- _EXERCISE DIRECTIONS_
Repeat every line of the data verbatim.
--- SUPPLIED MATERIAL ---
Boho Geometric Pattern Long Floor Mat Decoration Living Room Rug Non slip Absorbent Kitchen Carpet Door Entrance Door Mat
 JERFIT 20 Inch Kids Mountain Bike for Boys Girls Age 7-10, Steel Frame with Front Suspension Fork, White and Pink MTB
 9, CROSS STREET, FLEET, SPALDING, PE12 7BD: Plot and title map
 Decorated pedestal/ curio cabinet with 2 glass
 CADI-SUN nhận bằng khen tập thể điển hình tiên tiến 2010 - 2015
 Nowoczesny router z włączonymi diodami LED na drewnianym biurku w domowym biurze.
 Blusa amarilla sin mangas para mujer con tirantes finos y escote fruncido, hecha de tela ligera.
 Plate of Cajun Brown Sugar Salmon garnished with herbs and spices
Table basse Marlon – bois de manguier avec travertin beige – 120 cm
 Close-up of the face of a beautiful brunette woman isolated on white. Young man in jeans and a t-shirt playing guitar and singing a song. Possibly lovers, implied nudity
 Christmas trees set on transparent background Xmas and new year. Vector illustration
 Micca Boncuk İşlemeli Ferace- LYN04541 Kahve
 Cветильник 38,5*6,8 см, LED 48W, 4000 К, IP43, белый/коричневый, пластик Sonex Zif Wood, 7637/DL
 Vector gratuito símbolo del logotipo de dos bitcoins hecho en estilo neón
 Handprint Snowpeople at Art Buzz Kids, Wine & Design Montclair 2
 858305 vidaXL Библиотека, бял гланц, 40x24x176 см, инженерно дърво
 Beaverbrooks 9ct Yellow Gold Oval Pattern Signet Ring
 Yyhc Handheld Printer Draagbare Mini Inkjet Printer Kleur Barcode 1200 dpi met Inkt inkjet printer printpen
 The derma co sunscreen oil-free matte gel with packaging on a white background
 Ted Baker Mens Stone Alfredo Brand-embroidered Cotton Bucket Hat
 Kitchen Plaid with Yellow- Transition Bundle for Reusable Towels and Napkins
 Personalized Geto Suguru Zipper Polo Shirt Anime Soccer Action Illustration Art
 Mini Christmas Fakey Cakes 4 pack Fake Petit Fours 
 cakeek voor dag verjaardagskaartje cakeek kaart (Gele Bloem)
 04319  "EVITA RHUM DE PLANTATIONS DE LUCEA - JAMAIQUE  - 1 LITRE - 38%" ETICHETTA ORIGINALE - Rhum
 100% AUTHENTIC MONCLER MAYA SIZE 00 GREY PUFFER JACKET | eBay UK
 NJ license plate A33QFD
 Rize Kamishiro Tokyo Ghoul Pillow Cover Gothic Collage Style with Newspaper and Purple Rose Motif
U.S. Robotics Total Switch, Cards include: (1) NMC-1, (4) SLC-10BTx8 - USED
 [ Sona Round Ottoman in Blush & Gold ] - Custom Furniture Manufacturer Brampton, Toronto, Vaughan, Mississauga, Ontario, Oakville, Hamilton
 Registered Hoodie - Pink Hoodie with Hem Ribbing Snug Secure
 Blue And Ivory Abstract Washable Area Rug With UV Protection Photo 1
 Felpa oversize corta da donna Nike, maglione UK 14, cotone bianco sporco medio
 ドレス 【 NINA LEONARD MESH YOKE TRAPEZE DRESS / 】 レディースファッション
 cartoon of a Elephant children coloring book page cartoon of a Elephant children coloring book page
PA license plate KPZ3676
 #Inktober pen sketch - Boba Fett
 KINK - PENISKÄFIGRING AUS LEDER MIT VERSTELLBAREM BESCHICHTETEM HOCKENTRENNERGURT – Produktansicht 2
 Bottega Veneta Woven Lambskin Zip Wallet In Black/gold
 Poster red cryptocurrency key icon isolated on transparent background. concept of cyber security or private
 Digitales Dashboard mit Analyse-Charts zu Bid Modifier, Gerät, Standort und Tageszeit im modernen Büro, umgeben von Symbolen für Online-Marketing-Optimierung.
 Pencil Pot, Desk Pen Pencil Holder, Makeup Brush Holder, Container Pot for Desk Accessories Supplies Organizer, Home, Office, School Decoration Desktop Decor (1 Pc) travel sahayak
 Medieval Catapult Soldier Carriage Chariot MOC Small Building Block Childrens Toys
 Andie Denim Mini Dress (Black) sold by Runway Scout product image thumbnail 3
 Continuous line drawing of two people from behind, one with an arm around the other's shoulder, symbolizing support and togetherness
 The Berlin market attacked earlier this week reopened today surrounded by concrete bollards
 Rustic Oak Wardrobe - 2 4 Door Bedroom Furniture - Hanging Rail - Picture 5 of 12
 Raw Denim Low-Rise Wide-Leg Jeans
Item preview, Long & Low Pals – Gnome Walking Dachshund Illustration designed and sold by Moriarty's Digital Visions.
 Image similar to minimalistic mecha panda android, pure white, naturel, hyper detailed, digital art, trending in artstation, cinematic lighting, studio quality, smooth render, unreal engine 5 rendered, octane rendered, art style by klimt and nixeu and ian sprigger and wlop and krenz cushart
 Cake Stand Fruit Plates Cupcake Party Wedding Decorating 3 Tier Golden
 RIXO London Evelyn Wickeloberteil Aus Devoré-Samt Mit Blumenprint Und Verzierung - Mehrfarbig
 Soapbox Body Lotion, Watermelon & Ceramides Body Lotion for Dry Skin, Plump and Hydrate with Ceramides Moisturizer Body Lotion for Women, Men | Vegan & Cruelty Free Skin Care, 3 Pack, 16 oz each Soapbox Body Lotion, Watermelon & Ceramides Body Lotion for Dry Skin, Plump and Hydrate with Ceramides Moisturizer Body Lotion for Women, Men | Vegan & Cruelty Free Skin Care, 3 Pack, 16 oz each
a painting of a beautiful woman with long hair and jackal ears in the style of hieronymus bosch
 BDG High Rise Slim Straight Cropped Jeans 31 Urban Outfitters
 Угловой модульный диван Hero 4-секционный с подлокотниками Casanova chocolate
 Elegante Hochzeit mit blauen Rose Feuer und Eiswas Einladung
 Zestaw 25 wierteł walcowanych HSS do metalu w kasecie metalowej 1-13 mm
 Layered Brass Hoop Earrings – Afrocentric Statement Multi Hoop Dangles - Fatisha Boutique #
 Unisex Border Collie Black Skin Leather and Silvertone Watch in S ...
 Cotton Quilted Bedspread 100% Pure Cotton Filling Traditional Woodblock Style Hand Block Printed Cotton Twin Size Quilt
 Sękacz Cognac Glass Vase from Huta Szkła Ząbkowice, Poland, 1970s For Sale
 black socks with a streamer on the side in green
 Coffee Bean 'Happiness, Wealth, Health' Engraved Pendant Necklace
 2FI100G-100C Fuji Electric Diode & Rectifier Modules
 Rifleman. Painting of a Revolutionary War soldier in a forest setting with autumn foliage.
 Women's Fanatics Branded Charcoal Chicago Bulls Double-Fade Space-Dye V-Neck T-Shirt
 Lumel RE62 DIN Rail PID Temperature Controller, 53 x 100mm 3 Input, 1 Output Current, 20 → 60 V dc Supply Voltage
---
- _RESULT FOR THIS TASK_
Boho Geometric Pattern Long Floor Mat Decoration Living Room Rug Non slip Absorbent Kitchen Carpet Door Entrance Door Mat
 JERFIT 20 Inch Kids Mountain Bike for Boys Girls Age 7-10, Steel Frame with Front Suspension Fork, White and Pink MTB
 9, CROSS STREET, FLEET, SPALDING, PE12 7BD: Plot and title map
 Decorated pedestal/ curio cabinet with 2 glass
 CADI-SUN nhận bằng khen tập thể điển hình tiên tiến 2010 - 2015
 Nowoczesny router z włączonymi diodami LED na drewnianym biurku w domowym biurze.
 Blusa amarilla sin mangas para mujer con tirantes finos y escote fruncido, hecha de tela ligera.
 Plate of Cajun Brown Sugar Salmon garnished with herbs and spices
Table basse Marlon – bois de manguier avec travertin beige – 120 cm
 Close-up of the face of a beautiful brunette woman isolated on white. Young man in jeans and a t-shirt playing guitar and singing a song. Possibly lovers, implied nudity
 Christmas trees set on transparent background Xmas and new year. Vector illustration
 Micca Boncuk İşlemeli Ferace- LYN04541 Kahve
 Cветильник 38,5*6,8 см, LED 48W, 4000 К, IP43, белый/коричневый, пластик Sonex Zif Wood, 7637/DL
 Vector gratuito símbolo del logotipo de dos bitcoins hecho en estilo neón
 Handprint Snowpeople at Art Buzz Kids, Wine & Design Montclair 2
 858305 vidaXL Библиотека, бял гланц, 40x24x176 см, инженерно дърво
 Beaverbrooks 9ct Yellow Gold Oval Pattern Signet Ring
 Yyhc Handheld Printer Draagbare Mini Inkjet Printer Kleur Barcode 1200 dpi met Inkt inkjet printer printpen
 The derma co sunscreen oil-free matte gel with packaging on a white background
 Ted Baker Mens Stone Alfredo Brand-embroidered Cotton Bucket Hat
 Kitchen Plaid with Yellow- Transition Bundle for Reusable Towels and Napkins
 Personalized Geto Suguru Zipper Polo Shirt Anime Soccer Action Illustration Art
 Mini Christmas Fakey Cakes 4 pack Fake Petit Fours 
 cakeek voor dag verjaardagskaartje cakeek kaart (Gele Bloem)
 04319  "EVITA RHUM DE PLANTATIONS DE LUCEA - JAMAIQUE  - 1 LITRE - 38%" ETICHETTA ORIGINALE - Rhum
 100% AUTHENTIC MONCLER MAYA SIZE 00 GREY PUFFER JACKET | eBay UK
 NJ license plate A33QFD
 Rize Kamishiro Tokyo Ghoul Pillow Cover Gothic Collage Style with Newspaper and Purple Rose Motif
U.S. Robotics Total Switch, Cards include: (1) NMC-1, (4) SLC-10BTx8 - USED
 [ Sona Round Ottoman in Blush & Gold ] - Custom Furniture Manufacturer Brampton, Toronto, Vaughan, Mississauga, Ontario, Oakville, Hamilton
 Registered Hoodie - Pink Hoodie with Hem Ribbing Snug Secure
 Blue And Ivory Abstract Washable Area Rug With UV Protection Photo 1
 Felpa oversize corta da donna Nike, maglione UK 14, cotone bianco sporco medio
 ドレス 【 NINA LEONARD MESH YOKE TRAPEZE DRESS / 】 レディースファッション
 cartoon of a Elephant children coloring book page cartoon of a Elephant children coloring book page
PA license plate KPZ3676
 #Inktober pen sketch - Boba Fett
 KINK - PENISKÄFIGRING AUS LEDER MIT VERSTELLBAREM BESCHICHTETEM HOCKENTRENNERGURT – Produktansicht 2
 Bottega Veneta Woven Lambskin Zip Wallet In Black/gold
 Poster red cryptocurrency key icon isolated on transparent background. concept of cyber security or private
 Digitales Dashboard mit Analyse-Charts zu Bid Modifier, Gerät, Standort und Tageszeit im modernen Büro, umgeben von Symbolen für Online-Marketing-Optimierung.
 Pencil Pot, Desk Pen Pencil Holder, Makeup Brush Holder, Container Pot for Desk Accessories Supplies Organizer, Home, Office, School Decoration Desktop Decor (1 Pc) travel sahayak
 Medieval Catapult Soldier Carriage Chariot MOC Small Building Block Childrens Toys
 Andie Denim Mini Dress (Black) sold by Runway Scout product image thumbnail 3
 Continuous line drawing of two people from behind, one with an arm around the other's shoulder, symbolizing support and togetherness
 The Berlin market attacked earlier this week reopened today surrounded by concrete bollards
 Rustic Oak Wardrobe - 2 4 Door Bedroom Furniture - Hanging Rail - Picture 5 of 12
 Raw Denim Low-Rise Wide-Leg Jeans
Item preview, Long & Low Pals – Gnome Walking Dachshund Illustration designed and sold by Moriarty's Digital Visions.
 Image similar to minimalistic mecha panda android, pure white, naturel, hyper detailed, digital art, trending in artstation, cinematic lighting, studio quality, smooth render, unreal engine 5 rendered, octane rendered, art style by klimt and nixeu and ian sprigger and wlop and krenz cushart
 Cake Stand Fruit Plates Cupcake Party Wedding Decorating 3 Tier Golden
 RIXO London Evelyn Wickeloberteil Aus Devoré-Samt Mit Blumenprint Und Verzierung - Mehrfarbig
 Soapbox Body Lotion, Watermelon & Ceramides Body Lotion for Dry Skin, Plump and Hydrate with Ceramides Moisturizer Body Lotion for Women, Men | Vegan & Cruelty Free Skin Care, 3 Pack, 16 oz each Soapbox Body Lotion, Watermelon & Ceramides Body Lotion for Dry Skin, Plump and Hydrate with Ceramides Moisturizer Body Lotion for Women, Men | Vegan & Cruelty Free Skin Care, 3 Pack, 16 oz each
a painting of a beautiful woman with long hair and jackal ears in the style of hieronymus bosch
 BDG High Rise Slim Straight Cropped Jeans 31 Urban Outfitters
 Угловой модульный диван Hero 4-секционный с подлокотниками Casanova chocolate
 Elegante Hochzeit mit blauen Rose Feuer und Eiswas Einladung
 Zestaw 25 wierteł walcowanych HSS do metalu w kasecie metalowej 1-13 mm
 Layered Brass Hoop Earrings – Afrocentric Statement Multi Hoop Dangles - Fatisha Boutique #
 Unisex Border Collie Black Skin Leather and Silvertone Watch in S ...
 Cotton Quilted Bedspread 100% Pure Cotton Filling Traditional Woodblock Style Hand Block Printed Cotton Twin Size Quilt
 Sękacz Cognac Glass Vase from Huta Szkła Ząbkowice, Poland, 1970s For Sale
 black socks with a streamer on the side in green
 Coffee Bean 'Happiness, Wealth, Health' Engraved Pendant Necklace
 2FI100G-100C Fuji Electric Diode & Rectifier Modules
 Rifleman. Painting of a Revolutionary War soldier in a forest setting with autumn foliage.
 Women's Fanatics Branded Charcoal Chicago Bulls Double-Fade Space-Dye V-Neck T-Shirt
 Lumel RE62 DIN Rail PID Temperature Controller, 53 x 100mm 3 Input, 1 Output Current, 20 → 60 V dc Supply Voltage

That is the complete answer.